フィルムカメラを見直すきっかけになった映画

 本日から4月ですが、先月に地元の映画館でかかっていた映画「LIFE!」を見ました。アメリカの有名な雑誌LIFE!で銀塩写真の整理を行なっている主人公が、デジタル化の波が押し寄せ廃刊の運命になった雑誌の最終号の表紙に使うフィルムのネガを探しに、居所を転々と変えるカメラマンを探す旅に出るというのがおおまかなあらすじなのですが、ここでは批評もネタばれもさせません(^^;)。

 この映画の中で対比されていたのは、アナログとデジタル、リアリティとバーチャルリアリティという感じで、私にとっては懐かしいものが出てきたりしました。そのひとつが主人公がまだ若い頃、ヨーロッパに行くために用意していたバックパックの中に入れっ放しになっていたソニーの海外仕様のウォークマンであり、主人公がようやくめぐりあったカメラマンがヒマラヤに生息するユキヒョウを撮影するために構えていたデジタルでないフィルムを使うタイプの一眼レフカメラでした。

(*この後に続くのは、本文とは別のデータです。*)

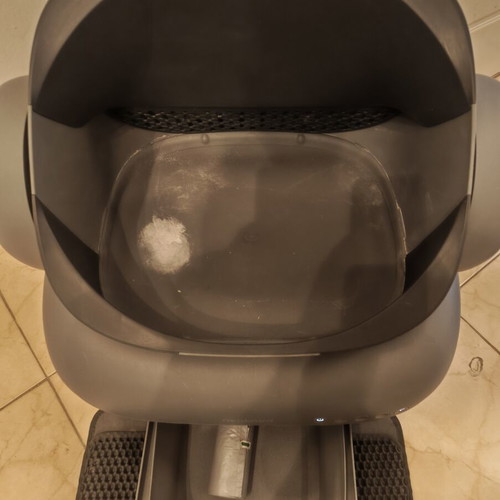 Neakasa M1 self-cleaning litter box like new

 ウォークマンの方はソニーのロゴがあったものの、なぜか物語に出てきたカメラの会社名の刻まれた部分が隠されていたのですが、製品名のところは隠していませんで「F3/T」とありました。ということで、恐らくこの映画のネタばれであるLIFE! 最終号を飾った写真もデジカメではなくチタン仕様のNikon F3であることが予想されます。

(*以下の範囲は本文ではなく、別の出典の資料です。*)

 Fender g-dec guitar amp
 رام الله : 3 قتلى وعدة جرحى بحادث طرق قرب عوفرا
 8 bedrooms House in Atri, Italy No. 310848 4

 なぜ映画ではNikonのロゴが隠されていたのかはわかりませんが、極限の状況でも動くという信頼性のあるカメラとしてF3はプロカメラマンに支持されていたことは事実であり、デジタルに対抗する究極のアナログとして、日本メーカーの製品がきちんと評価を受けていたことがうれしくもありました。

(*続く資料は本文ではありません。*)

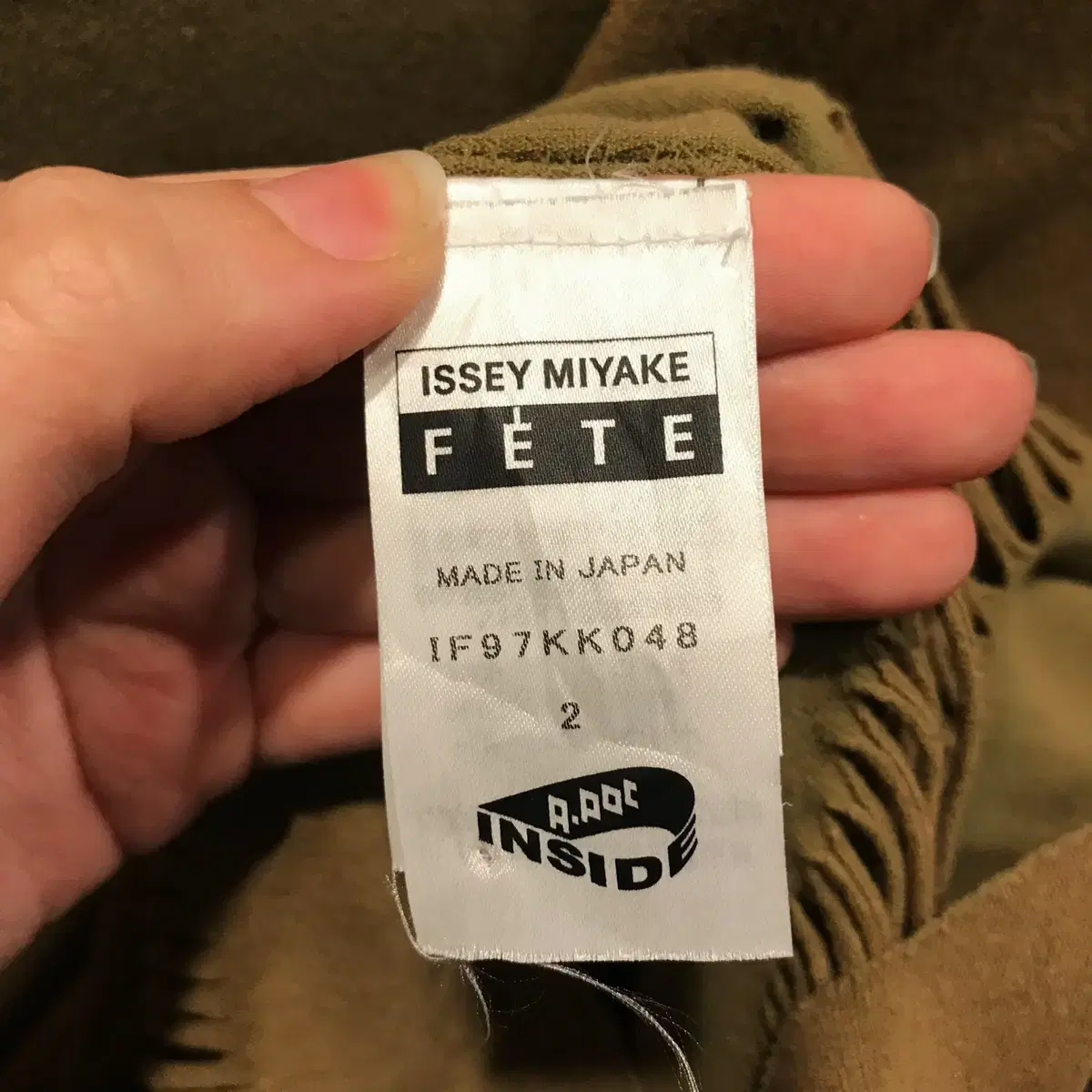 ISSEY MIYAKE 이세이미야케 머스터드 컬러 트임 디테일 니트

 フィルムを使っているカメラの場合、メンテナンスさえきちんとしていればフィルムおよび現像の提供さえされていれば使い続けることができるでしょう。現代ではデジタルカメラをも持たず、スマートフォンをカメラ代わりに使っている人も結構います。確かに一台でカメラとしても使えるスマートフォンは便利ではありますが、OSが新しくなるに従って古いハードは新しいOSを入れると動きが遅くなったり、使いものにならなくなるという点では残念なものです。もちろんデジタルデバイスとしての利便性は今の世の中において必要なものですが、物としての存在感はやはりNikon F3の方がありすぎるくらいあります。そして、今デジタル一眼レフカメラの世界シェアを日本メーカーがほぼ持っているというのは、フィルム時代からのメーカーの努力の賜物であるとも言えるでしょう。私もまだフィルムの入る一眼レフカメラを捨てられずにいるのですが、考えてみれば完全に電池がない状態が長期間続いてもフィルムがある限り撮影できるのはデジタルよりもアナログの技術であるフィルムカメラの方です。普段はデジカメしか使っていなくても、いざという時にはレンズ付きフィルムなら完全に電気や電池が調達できない場合でも撮影を継続できることは、頭の片隅にでも入れておいた方がいいかも知れませんね。